With this analysis, we can conclude that a small amount of lockdown (25%) will only reduce the impact of disease by a small amount. But as we increase the lockdown to above 50%, the effect will be significant in Flattening the curve.

Experiments — Addition of a popular location like supermarket

Experiment 5: SIR model with a popular place in the center of the city.

In this experiment, we will see how the presence of a popular place like supermarkets, shopping malls, etc. affects the spread of the disease. We will add one such place in the center of the city which will be visited by everyone once a week.

Having a popular place which is visited by everyone enabled the easy transfer of virus to all the parts of the city. Because of this, the peak of infections reached much earlier (on 66th day) with a higher active cases count of 3,255 (for experiment 1, the peak reached on 102th day with active cases of 2,437).

In the right heatmap, we can also see that the center community (which has the popular place) got highlighted at the very beginning itself which helped in spreading the virus to different parts. On the 100th day, the spread crossed the diagonal part of the city (while in all the previous experiments spread never crossed the diagonal on day 100).

Experiment 6: SIR model after locking down the popular place.

In this experiment, we will put the popular place (which aided in spreading the disease) on lockdown, and see how it affects the spread. This means no one is allowed to go to the popular place. Otherwise, all people are free to move to other communities.

The grey cell in the center shows the popular place with 0 population in any of the three states. The result was almost similar to that of experiment 1, with a marginal reduction in total infections.

Experiment 7: SIR model with the popular place being the only place allowed to go.

In this experiment, we will only allow the people to visit the popular place and all other movements are restricted.

This time the infection was very low. Since everyone was only allowed to move to one place and that too even with a low probability, the disease was well contained.

Experiments — Two cities dynamics

Experiment 8: Modeling between two cities.

In this experiment, two cities are connected via a single route. Infection was started in City 1 and slowly it spread to City 2. The transition probability matrix was created as follows:

Transition matrix was created randomly for the two cities (TM_1) and TM_2)
Center locations of both the cities were selected as their airport
Probability of all individual in a city to go to the airport was changed to 1/14 (expecting people goes to another city once in two weeks)
Transition matrix was normalized row-wise to make the sum of probabilities as 1

We started the infection from the City 1 which spread to the City 2. We can see that City 1 has the infection peak earlier with the highest active cases of 4,786. City 2 got a peak 40 days after City 1 as it took some time for the virus to reach there.
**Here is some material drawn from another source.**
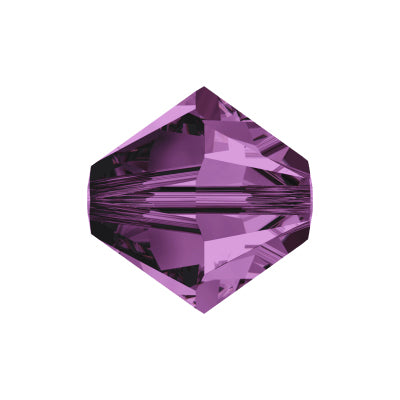 Swarovski Crystal Xilion 6mm Amethyst - Pack of 6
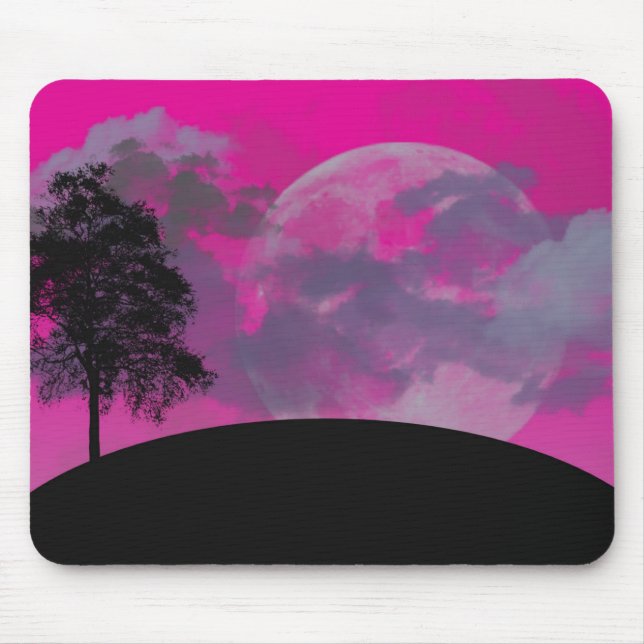 Abstrakte Cloudy Moon Mouse Pad Mousepad (Vorne)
The magnitude of disease was also low with a more flatten curve in the City 2 and the spread was more gradual. Since there was a single source of disease in City 2 and it was connected to all parts of the city, the disease was more evenly spread throughout the city as compared to City 1 which shows a ‘wave’ like phenomenon.

Conclusion

Without claiming an accurate epidemic modeling, our aim in this was to get an insight into how different measures and people’s movements affect the spread of an infectious disease like COVID-19. While travel restriction on small scale didn’t provide many benefits, 50% and above restrictions slowed down the spread significantly and made the curve flatter. This means that if anyone who gets sick with COVID-19 and requires hospitalization will have access to a bed and proper treatment. This can be one temporary measure to curb the pandemic while more durable solutions are implemented.